Alors oui, l'influence british est incontestablement, un gros point commun entre "Vegemite" et éthique de la grimpe australienne mais ce n'est pas tout...
On a beau aimer l'un et l'autre, apprécier ce drôle de petit jeu ou cet étrange aliment, on peut rencontrer un sentiment assez similaire et contradictoire dans les deux cas . Sur le moment, on ne saurait pas vraiment dire si on apprécie ou non.
Avoir de la "Vegemite" sur le bout de sa langue, c'est un peu comme se retrouver dans une position précaire, loin au dessus de son dernier petit coinceur. D'un côté, c'est fort en bouche, d'un autre côté, c'est un peu flippant. Bref, ce n'est pas le meilleur des moments à passer.En toute honnêteté, on pourrait se demander pourquoi s'imposer de telles épreuves. Je n'en ai pas la moindre idée mais ce que j'ai constaté, c'est qu'une fois la dernière bouchée avalée ou qu'une fois la voie terminée, tout s'adoucit subitement.
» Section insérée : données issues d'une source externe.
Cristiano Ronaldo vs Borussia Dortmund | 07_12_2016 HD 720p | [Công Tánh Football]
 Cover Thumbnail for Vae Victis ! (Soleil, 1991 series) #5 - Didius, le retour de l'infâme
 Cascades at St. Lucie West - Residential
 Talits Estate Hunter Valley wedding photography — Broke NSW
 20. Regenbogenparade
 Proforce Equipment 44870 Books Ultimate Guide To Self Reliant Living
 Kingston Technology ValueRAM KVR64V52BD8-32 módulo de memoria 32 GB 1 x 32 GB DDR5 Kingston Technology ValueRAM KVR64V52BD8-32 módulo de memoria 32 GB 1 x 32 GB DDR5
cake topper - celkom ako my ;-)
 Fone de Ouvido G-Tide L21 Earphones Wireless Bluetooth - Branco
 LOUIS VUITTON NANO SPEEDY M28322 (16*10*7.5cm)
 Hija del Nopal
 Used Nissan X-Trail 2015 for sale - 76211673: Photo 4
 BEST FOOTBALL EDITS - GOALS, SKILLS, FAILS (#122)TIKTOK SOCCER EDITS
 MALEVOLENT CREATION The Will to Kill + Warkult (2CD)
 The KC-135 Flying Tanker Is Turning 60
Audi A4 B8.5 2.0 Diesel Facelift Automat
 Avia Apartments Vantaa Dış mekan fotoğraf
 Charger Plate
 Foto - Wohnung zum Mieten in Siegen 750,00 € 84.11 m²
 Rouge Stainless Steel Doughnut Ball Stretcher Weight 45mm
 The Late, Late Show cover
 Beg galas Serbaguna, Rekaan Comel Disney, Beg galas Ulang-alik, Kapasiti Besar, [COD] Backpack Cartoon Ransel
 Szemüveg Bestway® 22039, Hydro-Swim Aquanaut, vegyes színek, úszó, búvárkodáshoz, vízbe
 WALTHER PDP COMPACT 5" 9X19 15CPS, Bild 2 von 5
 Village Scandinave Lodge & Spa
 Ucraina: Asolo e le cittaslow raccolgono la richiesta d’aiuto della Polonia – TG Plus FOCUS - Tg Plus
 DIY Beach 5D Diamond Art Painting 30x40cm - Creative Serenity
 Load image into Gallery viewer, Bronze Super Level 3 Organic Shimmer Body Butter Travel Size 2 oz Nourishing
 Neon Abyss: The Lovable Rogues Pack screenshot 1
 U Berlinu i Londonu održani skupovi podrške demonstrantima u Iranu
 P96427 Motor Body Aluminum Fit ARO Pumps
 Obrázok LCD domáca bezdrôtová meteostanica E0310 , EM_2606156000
Une fois le sel et la peur dilués, un goût plus agréable reste en bouche et déjà la mémoire ne sélectionne que les meilleurs souvenirs.
Il semblerait même qu'un petit goût de "reviens- y" ne tarde pas à pointer son nez : Quel paradoxe !
Et voilà qu'au risque de se casser les dents, vous vous rencordez, vous réorganisez votre porte matériel et vous vous apprêtez à repartir illico dans la ligne suivante mais avant ça...
Vous reprendrez bien une petite tartine de Vegemite ?!?!